- [Image-caption web data]
========
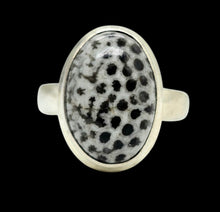 Load image into Gallery viewer, Size 6 Stingray Coral Ring, Oval Shaped, Sterling Silver, Black and White Coral, Fossilized, Honeycomb Pattern, Natural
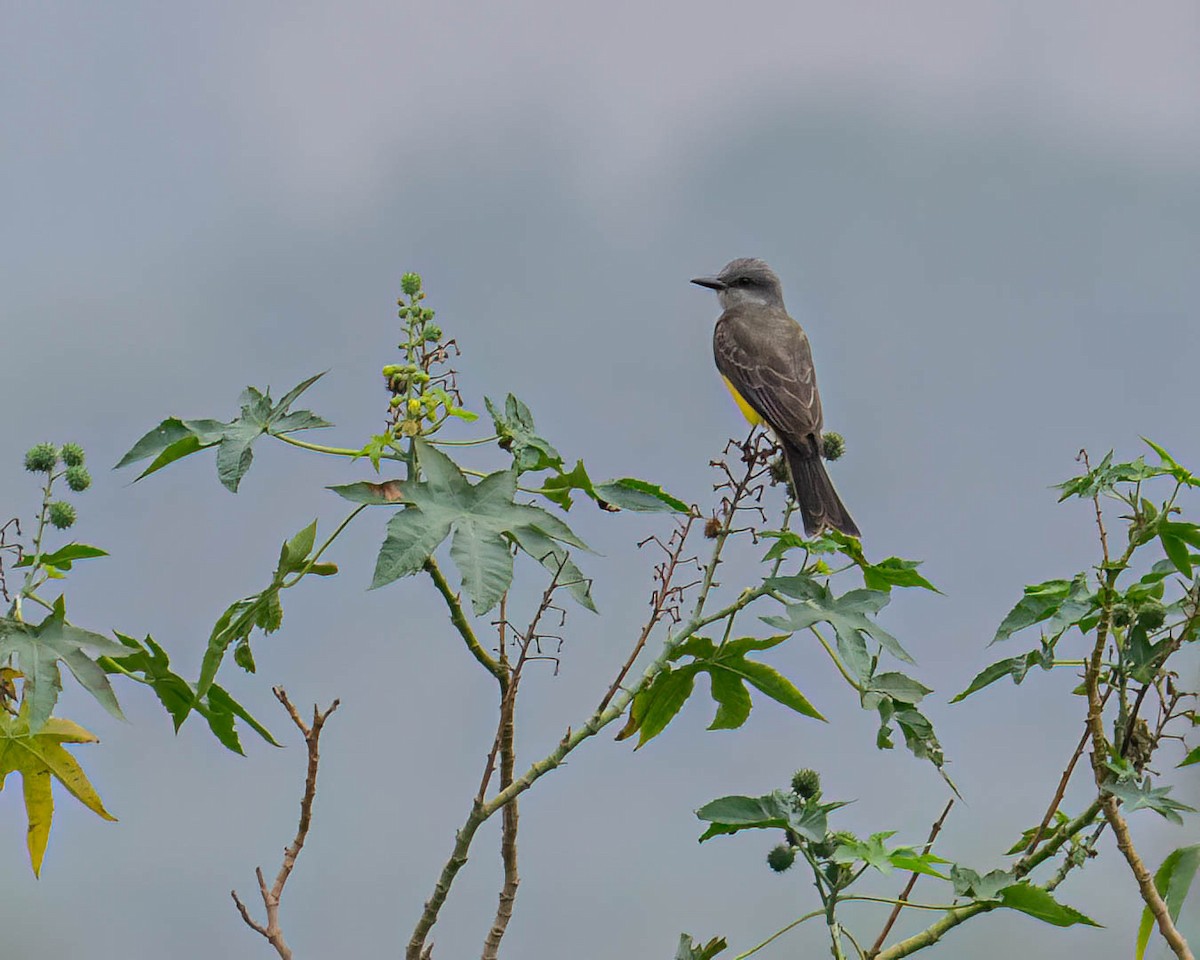 Tropical Kingbird - ML644363324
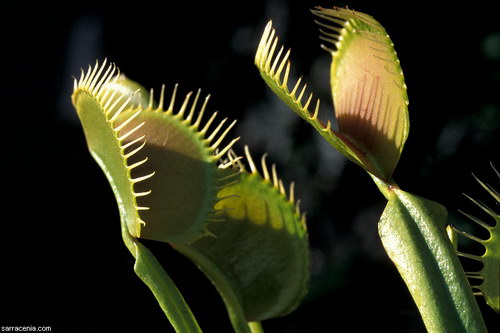   ::   Dionaea muscipula  17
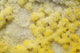 Close-up Yellow Salt Crystals Wall Decal Design 2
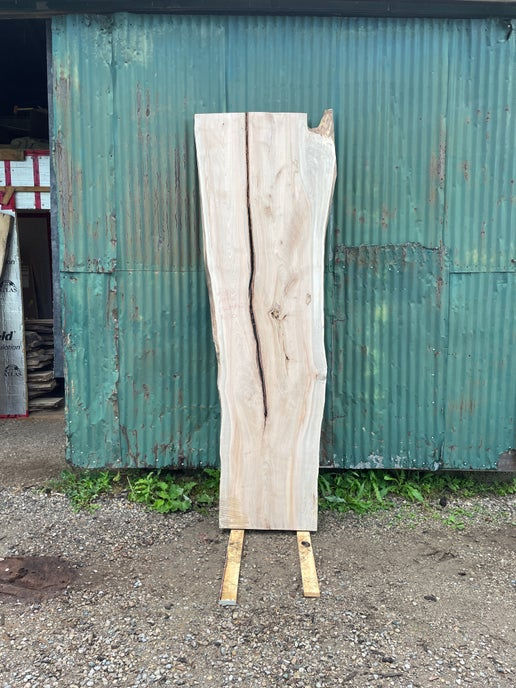 Maple Crotch Slab 2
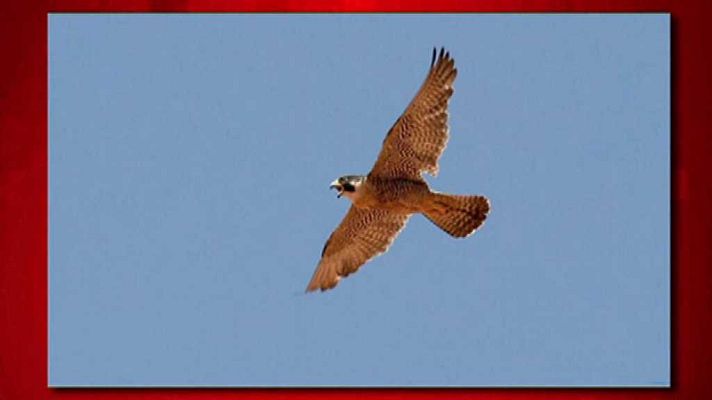 Saber y ganar - Saber y ganar. Edición de fin de semana - 26/05/18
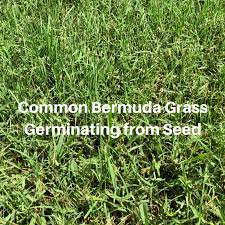 Sod contains the actual grass, roots and some of the soil it was grown on. How Long Does It Take Bermuda Grass To Germinate Houston Grass South Video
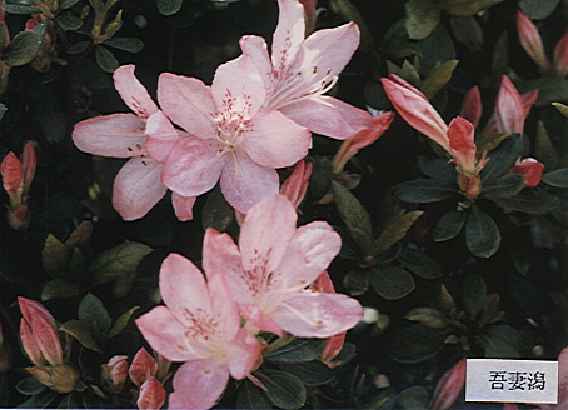 Azumagata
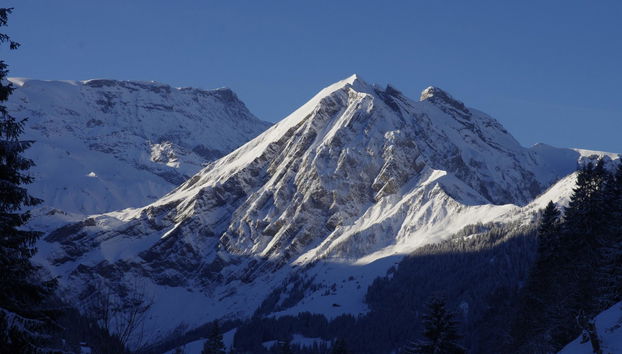 Apartment mit 1 Schlafzimmer in Adelboden - Foto 5
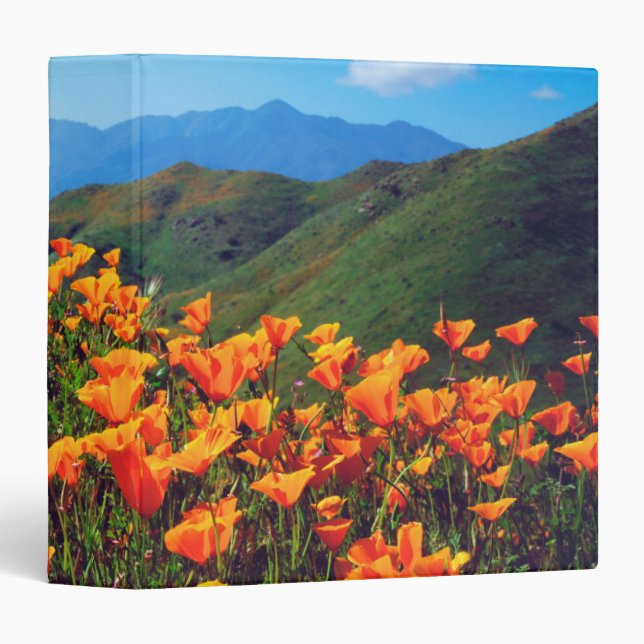 California poppies covering a hillside 3 ring binder (Front/Spine)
========
- [Activity] The records above should be repeated exactly, with every picture omitted.

- [Response for this exercise]
 Load image into Gallery viewer, Size 6 Stingray Coral Ring, Oval Shaped, Sterling Silver, Black and White Coral, Fossilized, Honeycomb Pattern, Natural
 Tropical Kingbird - ML644363324
   ::   Dionaea muscipula  17
 Close-up Yellow Salt Crystals Wall Decal Design 2
 Maple Crotch Slab 2
 Saber y ganar - Saber y ganar. Edición de fin de semana - 26/05/18
 Sod contains the actual grass, roots and some of the soil it was grown on. How Long Does It Take Bermuda Grass To Germinate Houston Grass South Video
 Azumagata
 Apartment mit 1 Schlafzimmer in Adelboden - Foto 5
 California poppies covering a hillside 3 ring binder (Front/Spine)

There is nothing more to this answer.